Alice Vicary-Stott, Director of Safeguarding at Eton College, said: “Coming from a social work background, I am all too familiar with the constraints on public services and the increasing need for well-funded and effective provision for children who are struggling. I hope this report will encourage the Government to ensure every child in every school can access the correct support for their individual mental health needs. Staff need to feel empowered to support children and be able to point them to available and appropriate services. 

“It has been a privilege to work alongside so many exceptional schools and trusts, and to contribute to such a worthwhile report. It was a pleasure welcoming the Coalition to Eton College, where they met our therapeutic support staff who work closely with our pupils to support their emotional and mental health.” 

Rachel Hart, Head of Life Advice at Lady Eleanor Holles (LEH) School said: “As proud co-founders of the Coalition for Youth Mental Health in Schools, LEH is committed to being part of this collaboration to bring state and independent schools together to shine a spotlight on the issues facing our young people today. Following the publication of our first report, we spent two years exploring best practice for tackling mental health within schools. Solutions for a Crisis showcases a range of tried and tested approaches, but we know the commitment and dedication of schools alone is not enough to fix a failing system.
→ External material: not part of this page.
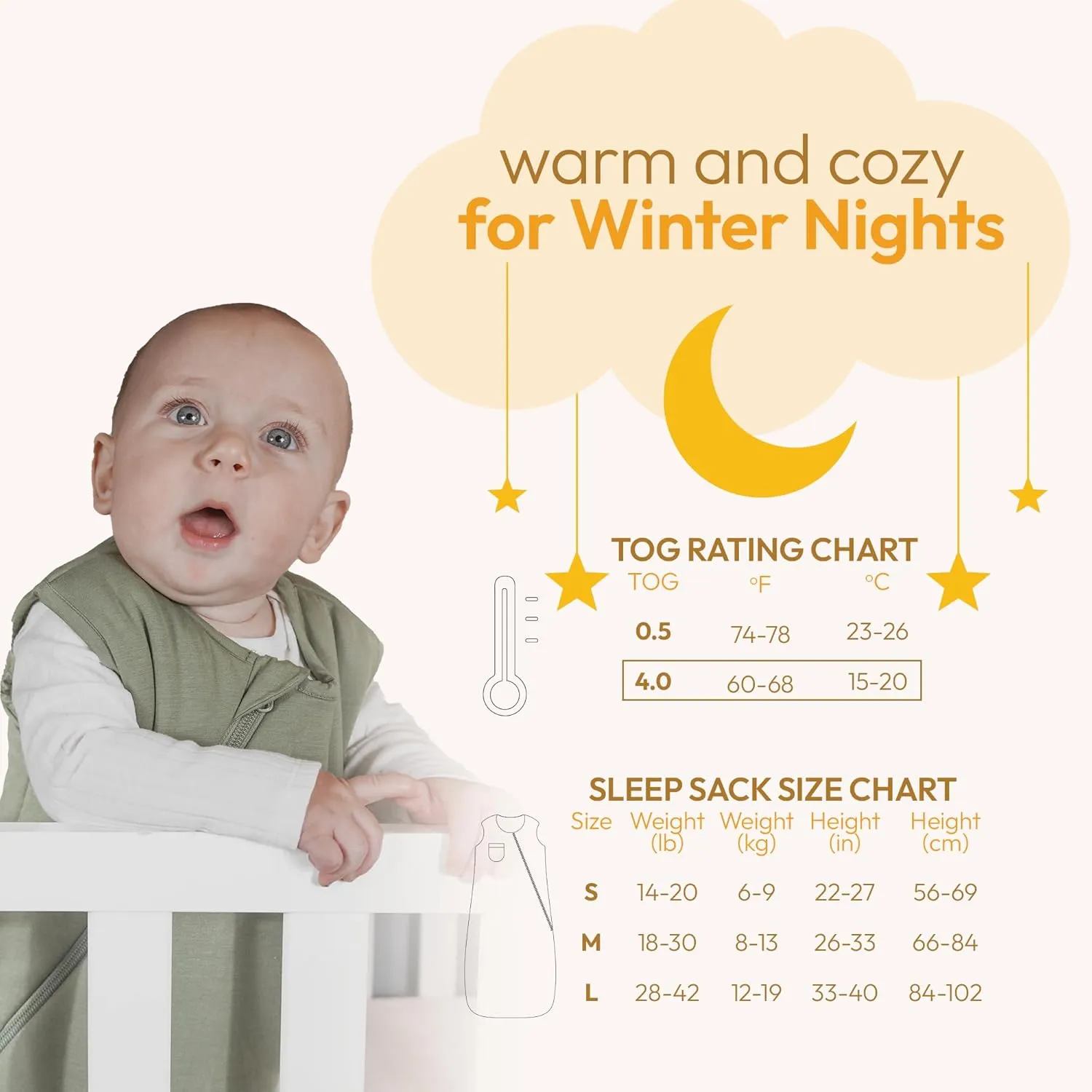 Sleepah Unisex Rayon Made from Bamboo Baby Sleep Sack 4.0 TOG, 2-Way Zipper Wearable Blanket Baby Green S 0-6M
We urge the Government to act now to better equip schools to effectively mitigate the visible and significant impact of lockdowns on our children and young people. 

“At LEH we have long adopted the eight principles of a whole-school approach to mental health and wellbeing: pupil voice influences decisions, our Life Advice programme sits firmly within the curriculum and focuses on social and emotional learning, our pastoral team works tirelessly to offer targeted support and appropriate referral, and we embrace an ethos of belonging that respects and values diversity. Importantly, we continue to listen to and work with pupils, parents, our partner schools and the wider community to ensure that our pastoral provision is the best that it can be.” 

Georgia Strong, Assistant Head at Reach Academy Feltham at Reach Academy Feltham, said: “As a member of the YMHC, Reach Academy Feltham is hopeful that this report will provide ideas and new ways in which all services can work together to directly address the mental health challenges young people are currently facing. We need a collaborative approach to ensure we are all focusing on the needs of individual children, so we can make the positive impact that is so desperately needed.” 

Sir Hamid Patel CBE, chief executive of Star Academies said: “Schools are doing exceptional work to support pupils who are struggling with their mental health, but there is only so much education providers can do alone. In the wake of the pandemic, waiting times are growing at the exact time when the need is greatest. There needs to be a much greater focus from Government on youth mental health services to ensure every young person has the opportunity to thrive.” 

Dr. Jenny Griggs, Head of Student Emotional Health and Wellbeing at Wellington College said: “As proud members of the YMHC, we are thrilled to present this comprehensive report detailing some forward-thinking strategies for promoting youth well-being. Through collaborative efforts, we’ve discovered innovative measures that prioritise proactive approaches and address challenges head-on. Our shared commitment is focused on nurturing the well-being of all young people, paving the way for a brighter future.”